--- Task goal ---
Set down the data again exactly. Pictures are not part of the copy.

--- Data block ---
+===+

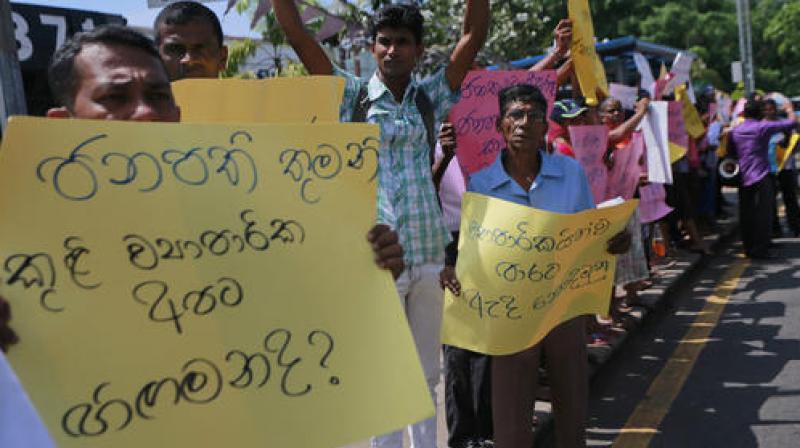 Sri Lankans residing in Salawa where their properties were damaged in an explosion in an army camp last July protest in Colombo, Sri Lanka. (Photo: AP)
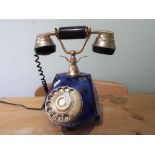 A vintage Italian salon telephone with faceted blue glass body with gilded metal mounts,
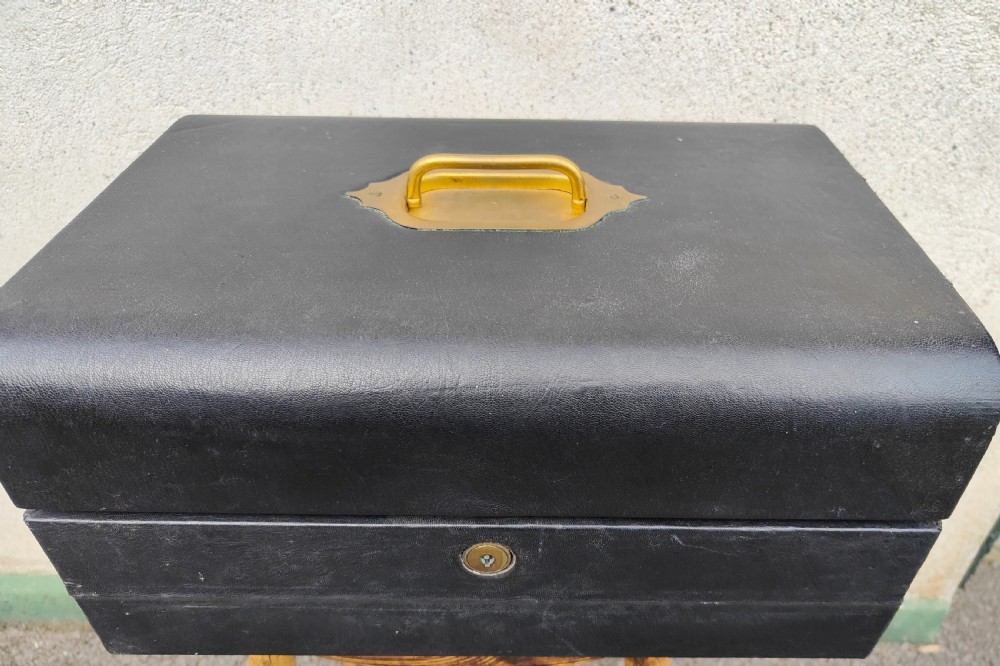 A rectangular black leather-bound writing box featuring a brass handle inset on top and a circular brass keyhole on the front.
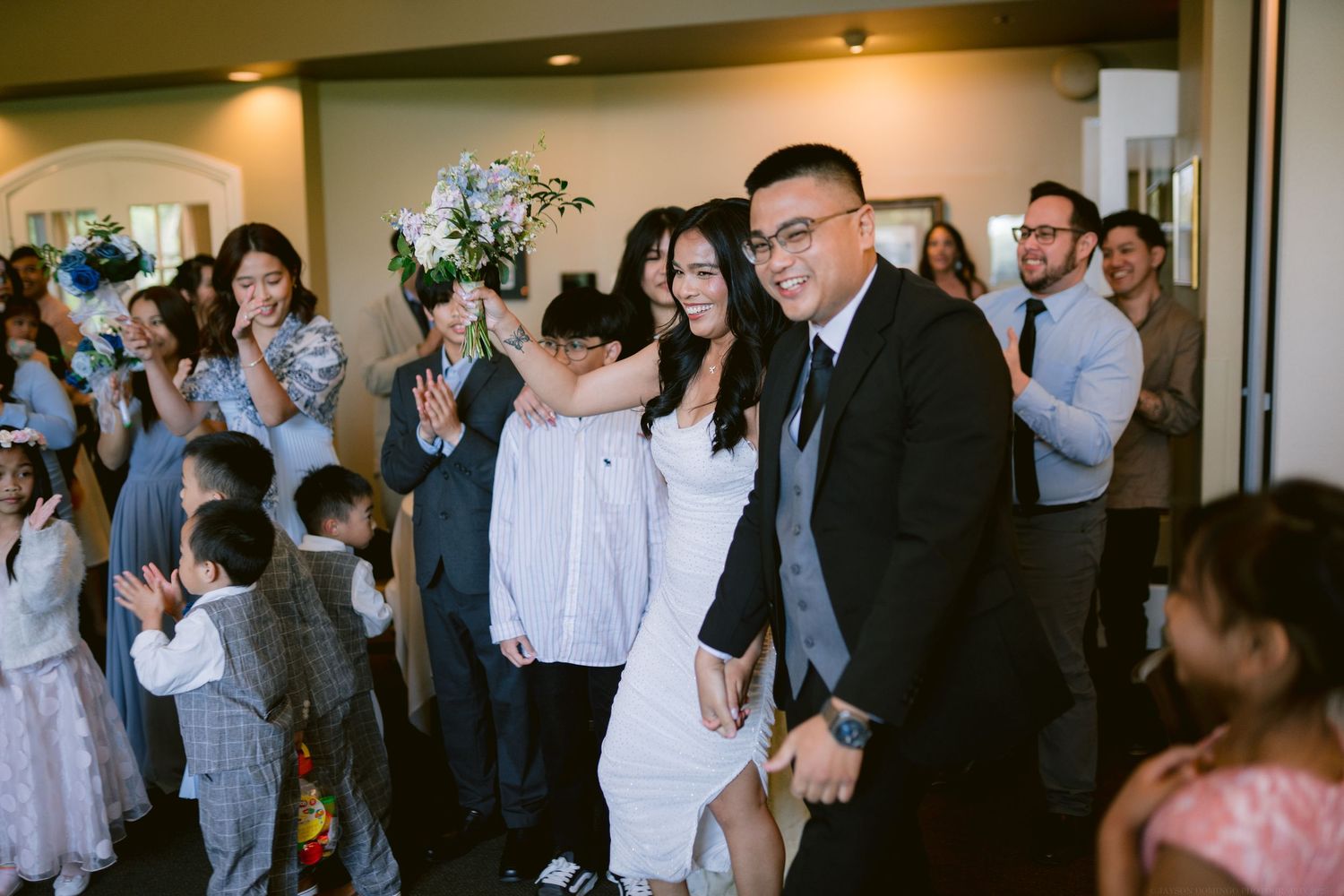 Guests celebrate and take photos during a wedding reception in an indoor venue.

+===+

--- Exercise output ---
 Sri Lankans residing in Salawa where their properties were damaged in an explosion in an army camp last July protest in Colombo, Sri Lanka. (Photo: AP)
 A vintage Italian salon telephone with faceted blue glass body with gilded metal mounts,
 A rectangular black leather-bound writing box featuring a brass handle inset on top and a circular brass keyhole on the front.
 Guests celebrate and take photos during a wedding reception in an indoor venue.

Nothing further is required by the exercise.